I’ve been a bit challenged lately. Last week when I sent out my summary email to the team of progress over the week, I stated at the top “my head hurts, I think that’s it”. I’m still in the phase of I know that I don’t know, but I think it’s now in the whole how come I don’t know and when will I know or am I never going to know because those who know, don’t want me to know, or alternatively, don’t know themselves, they just keep moving forward because that’s a good option. But then, if they don’t know, how do they know it’s forwards?

Confused? Me too. I’ve had a very large range of administration experience. I used to be at one end of the spectrum where the rules were followed at all cost. I have seen some operate as if the rules don’t even exist. I think in the middle is the balance. I just don’t know where it is.

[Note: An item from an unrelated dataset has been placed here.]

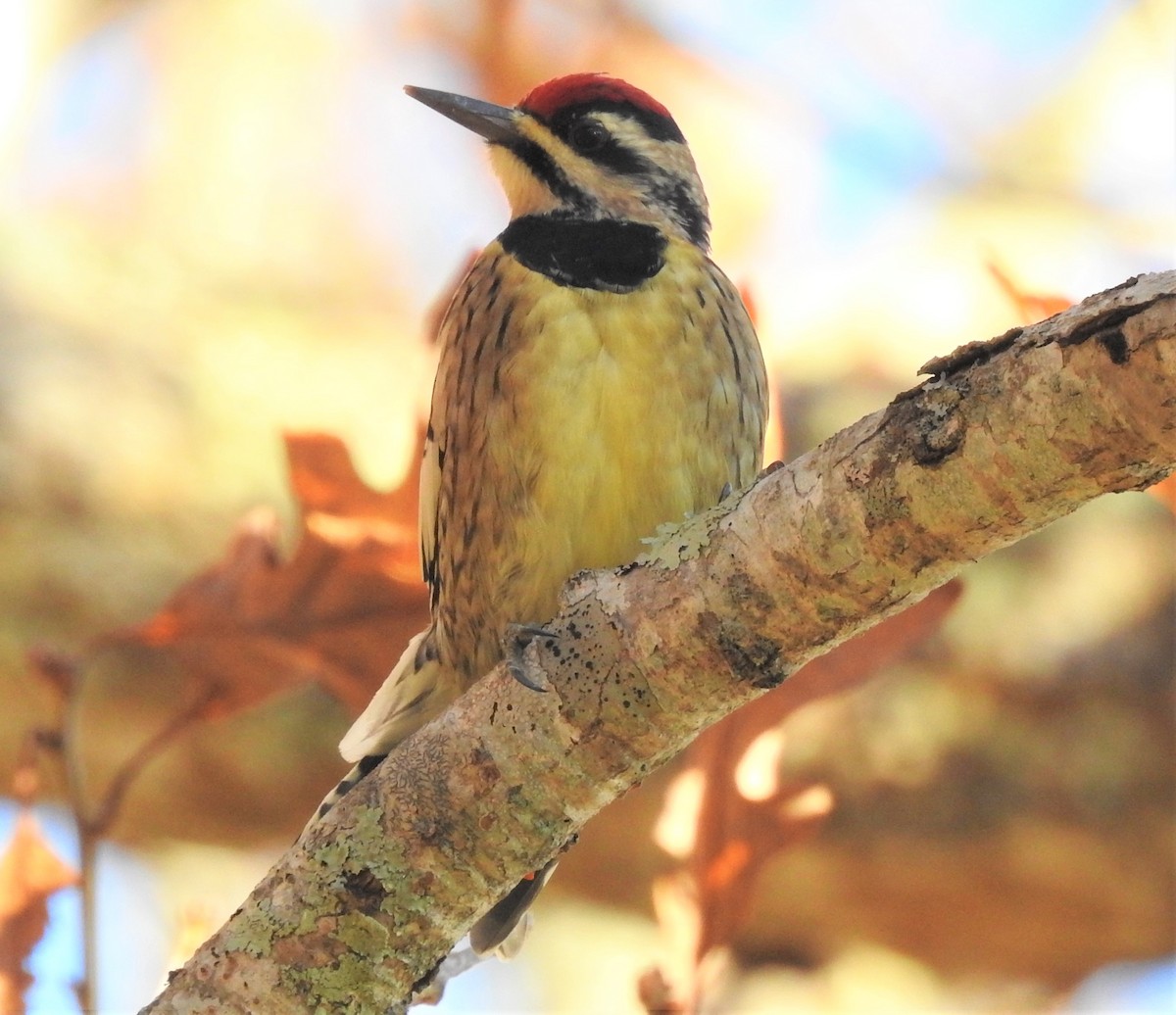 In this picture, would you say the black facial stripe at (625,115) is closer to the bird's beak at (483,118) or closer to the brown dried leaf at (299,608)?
the bird's beak at (483,118)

I’ve spent most of my working life trying to find it.

Now I think I’ve realised it is different every time. For one person in one situation the balance will be in place ‘X’. But for that same person in a different situation it might be ‘Y’, or a different person in the same situation will be ‘Z’. In order to stop my head hurting I think I need to realise that it doesn’t matter where everyone else is, it matters where I am. What can I live with? What can I accept as the balance?

For this project, I am seeing so many sides of the experience it is mind boggling. And yet inspiring. I am seeing everyone searching for their fulcrum and more interestingly, unlike some other places I’ve worked, the search is happening. People do want to find that balance between outcome and administration. Following the rules and bending them to meet the best outcome they can. When I think of people in this way it makes it easier to work to their balance, not mine. Maybe it’s not that I need to focus on what I can live with, but how I can help others live with their choice?

Who knew this would be the best job ever? After all, how many jobs do you have in your life that make you think really hard about yourself and who you want to be?